Museum Archives: King Charles II in Steyning

In the days when the focus of the British film industry was on Shoreham Beach, Steyning was chosen as the principal location for the filming of a story about Charles II’s escape after the battle of Worcester. The story, on which the film was rather loosely based, was a romantic – and improbable – adventure novel called “Ovingdean Grange” by Harrison Ainsworth.

So, on one July day in 1913, Steyning swarmed with cavaliers and roundheads and, according to press reports, ‘Thirty one actors and actresses well known in the cinematograph world with, altogether, some 300 people... Not a little of the entertainment for the crowd was derived from seeing folks well known to them swaggering about in military attire or the dresses of the period’.

Amy Hole, when a small girl, recalled the occasion. In a conversation with us, some years ago now, Amy told us that her mother had been able to earn enough money, as an ‘extra’ in the film, to provide her numerous children with new shoes for the very first time in their lives.

It was a story in which all the cavaliers were dashing and all the puritans were sinister – and in which most unlikely things happened. In a scene filmed in the White Horse taproom, said the press report, ‘King Charles and Colonel Maunsell were disguised as drunken sailors and his majesty had to undergo the indignity of being hidden in a barrel’.

Elsewhere a puritan spy who had briefly captured the king ‘was dipped in a duck pond, spread-eagle fashion – a performance which, when enacted to meet the demands of the cinematograph, also provided much fun for the latter day onlookers’. We don’t know where this took place but we do know that ‘at Gatewick Farm was enacted the incident of the oak tree’.

To recreate the Battle of Worcester, the big set piece episode in the film, ‘a great battle raged on the Downs above Steyning’ – and there is a curious sidelight on this, reported by Geoffrey Malins, a filmmaker.

Facing a different sort of battle, he was with a group of officers in the trenches at the Somme in 1916, ready to film the action there, when the following conversation took place.

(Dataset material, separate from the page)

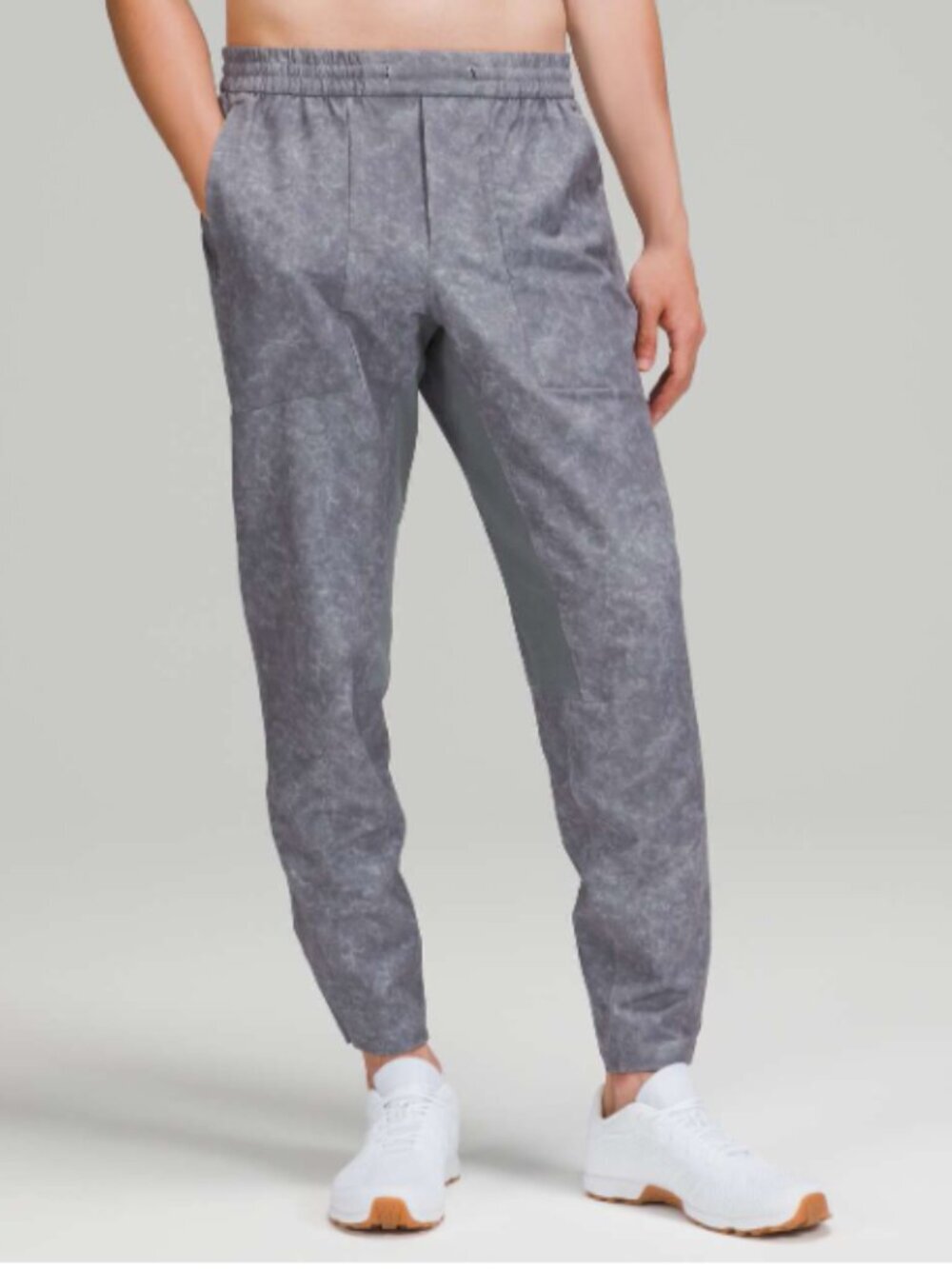 Lululemon License to Train Pant Gravel Dust Asphalt Grey Size M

‘Are you going to give me a good show’ Malins asked them.‘You’re not coming after us with that affair [his bulky camera equipment], are you?’‘Yes, certainly. As soon as you get into the Bosche trenches I shall be there’ Someone piped up ‘Tell brother Fritz if he gets out of ‘the limits’’ ‘Where have you heard that?’ asked Malins ‘Limits’ is a technical term’‘I heard it once a few years ago. Filming was going on at a small place called Steyning. About 200 horsemen and an immense crowd were rehearsing a scene for the Battle of Worcester. It was some fight. The cameraman was constantly shouting ‘keep in the limits’ (I assumed he meant the angle of view). Everything went well until a section of the men, who were supposed to run away, got a few genuine knocks on the head, and continued fighting. It was the funniest thing.’ ‘That’s extraordinary’ said Malins ‘I was the chap who filmed that scene. I remember that incident well.’

They even used Church Street as the setting for filming Charles’ triumphant return to England in 1660. ‘His majesty comes along smiling and bowing.’ said the press report ‘Maidens bestrew roses in his path. His majesty’s horse is a little restive but he holds his steed serenely and rides on.’ That, however, was not entirely truthful. Amy Hole told us that what actually happened was that the actor taking the part of King Charles was, in reality, a very indifferent horseman and far from holding ‘his horse serenely’ he was not able to stop it backing into a shop window and breaking it.

Life wasn’t often this exciting for the people of Steyning. Memories of those days of filming must have stayed with them for years.